TASK DESCRIPTION: Skip every image and restate the data word for word.

INFORMATION SHOWN:
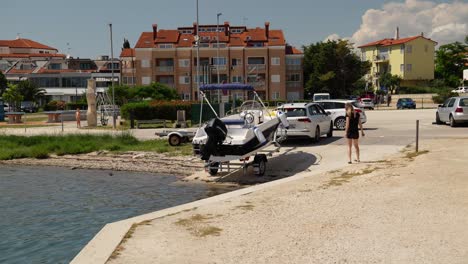 Vehicle-reversing-trailer-to-launch-speedboat-into-shallow-water-at-Marina-Medulin,-Croatia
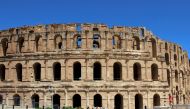 Two Bulgarian visitors stood in the ancient El Jem amphitheatre, one of Tunisia's top attractions, alone apart from swallows flitting under stone arches -- a sight foretelling another tourist season wrecked by Covid-19.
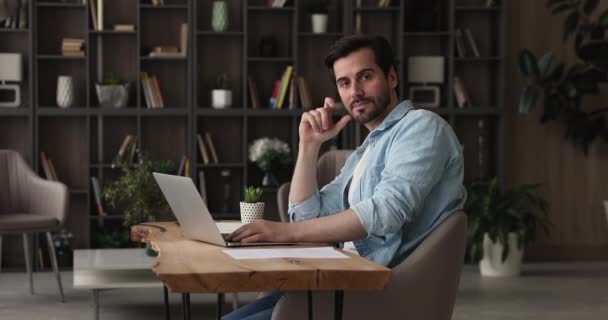 Exitoso sonriente hombre de negocios sentarse en el lugar de trabajo mirando a la cámara — Vídeos de Stock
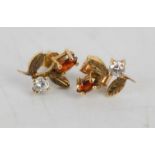 A pair of 9ct gold earrings, set with diamond and garnet.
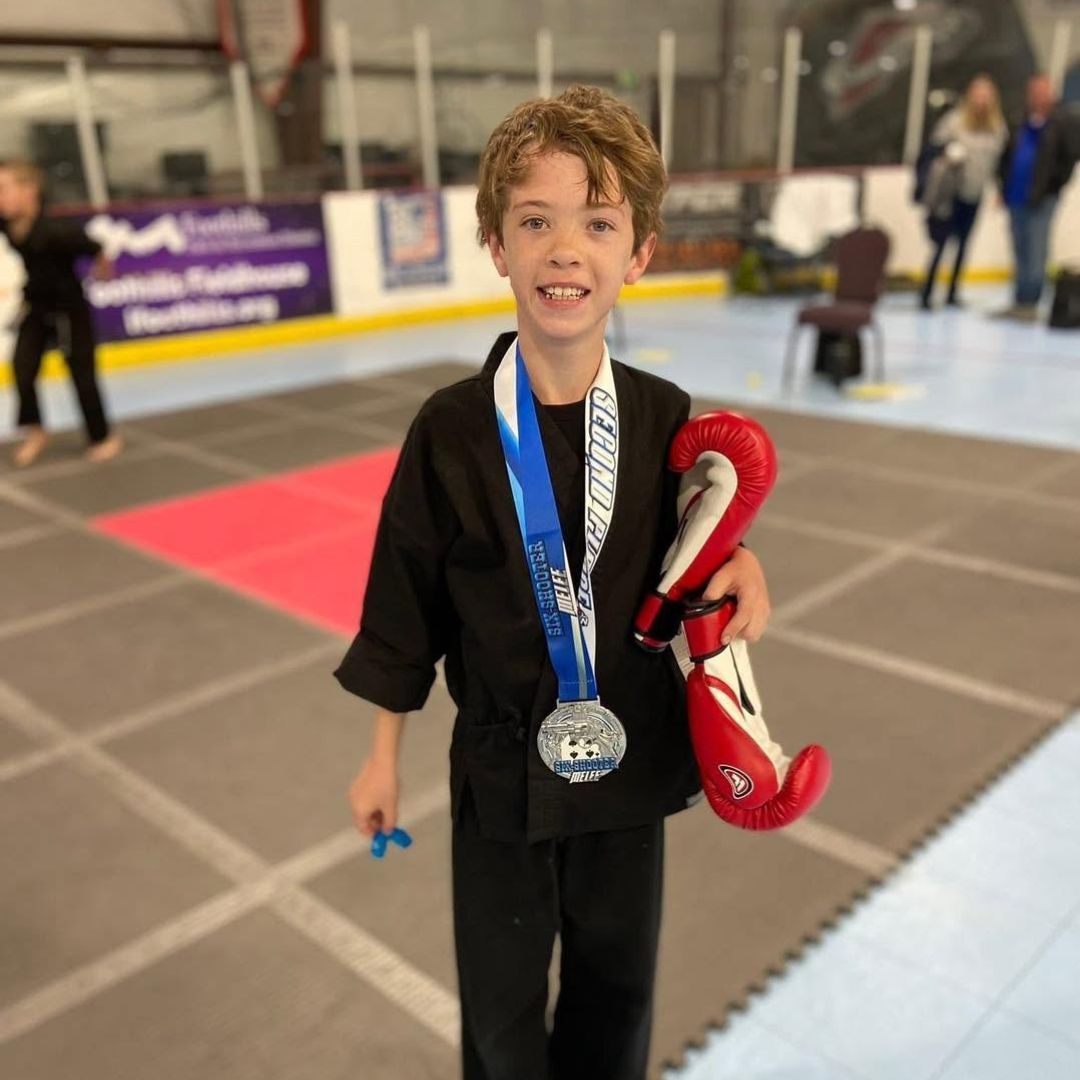 A man is kneeling down next to a young boy in a taekwondo class.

COMPLETED TASK:
 Vehicle-reversing-trailer-to-launch-speedboat-into-shallow-water-at-Marina-Medulin,-Croatia
 Two Bulgarian visitors stood in the ancient El Jem amphitheatre, one of Tunisia's top attractions, alone apart from swallows flitting under stone arches -- a sight foretelling another tourist season wrecked by Covid-19.
 Exitoso sonriente hombre de negocios sentarse en el lugar de trabajo mirando a la cámara — Vídeos de Stock
 A pair of 9ct gold earrings, set with diamond and garnet.
 A man is kneeling down next to a young boy in a taekwondo class.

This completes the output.